Figure 4: DEM created from the fire lines. Fire lines (with labels, 100 was where the fire started; it finished at 30) and fire AOI for reference. This is the same AOI as is shown in Figure 3.
Figure 5: FLOWDIRECTION output based on the fire dem in Figure 4.
We then ran our script using the DEM and the fire FD layers as inputs. The output is the slope of the land according to the direction of the moving fire (Figure 6).
Figure 6: Slope angle along the direction of fire movement.
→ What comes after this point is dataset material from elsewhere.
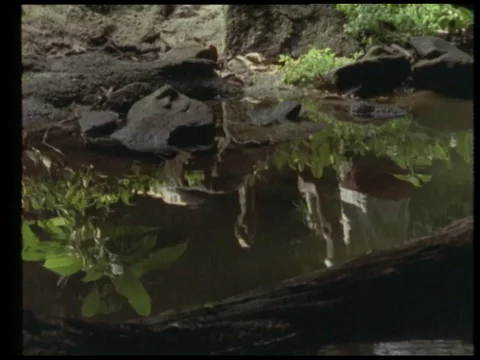 Man talking about rivers in rainforest with fishes, 1990 Stock Footage 136673024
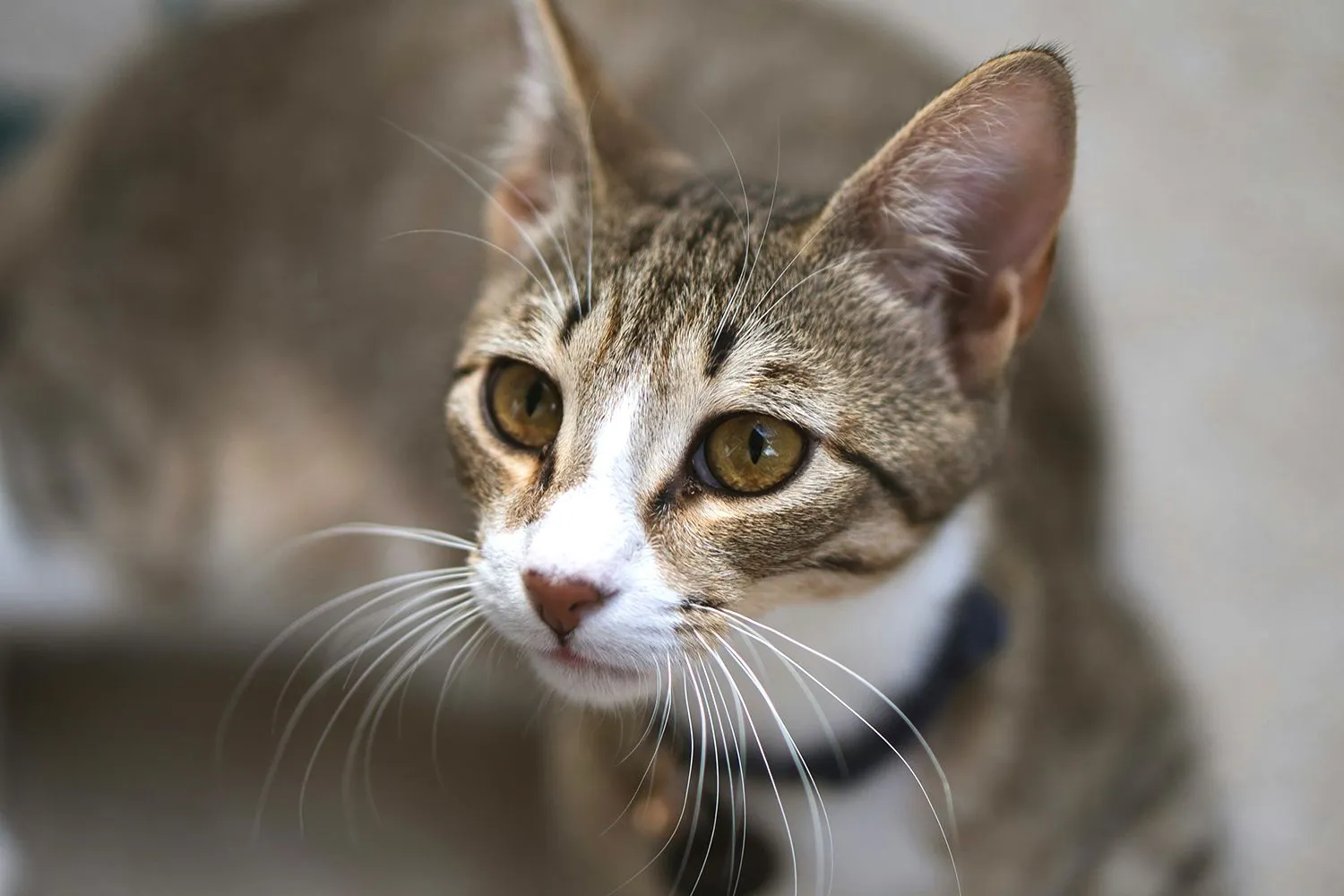 julian armstrong 1r3xipzfch0 unsplash kopieren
Note, negative values represent areas where the fire is moving uphill; green is downhill.
Are you getting odd results? Very high or low values? Or even large areas with a 0 slope? Here are some suggestions for things to check:
- Is everything in the same datum/coordinate system? Never use geographic (lat/long) coordinates when working with raster data.
- Did you remember to run Fill on your DEM?
- Ensure that all the raster layers overlay perfectly and have the same number of rows, columns, and cell size.
- Ensure that the vertical units are the same as the horizontal units (meters or feet).
- All your input files should be within a file geodatabase.
If you need to go beyond the out-of-the-box functionality of the ArcGIS raster analysis tools, you can use the ArcPy site package to write custom tools. A particularly powerful way to work with DEMs is to use NumPy arrays to iterate through each cell and apply your own formulas. We’ve demonstrated this by implementing a calculation to find directional slope. The walkthrough project describes how such a tool can be applied toward either modeling the path of a wildfire or of water flowing downhill. The code is available at http://www.onlinegeographer.com/slope/slope.html.
Dunn, M. and R. Hickey, 1998, The Effect of Slope Algorithms on Slope Estimates within a GIS. Cartography. V. 27, no. 1, pp. 9–15.
Hickey, R, A. Smith, and P. Jankowski, 1994, Slope length Calculations from a DEM with in ARC/INFO GRID. Computers, Environment and Urban Systems, v. 18, no. 5, pp. 365 - 380.
Moore, I. D., Grayson, R. B., & Ladson, A. R. (1991). Digital terrain modelling: a review of hydrological, geomorphological, and biological applications. Hydrological processes, 5(1), 3-30.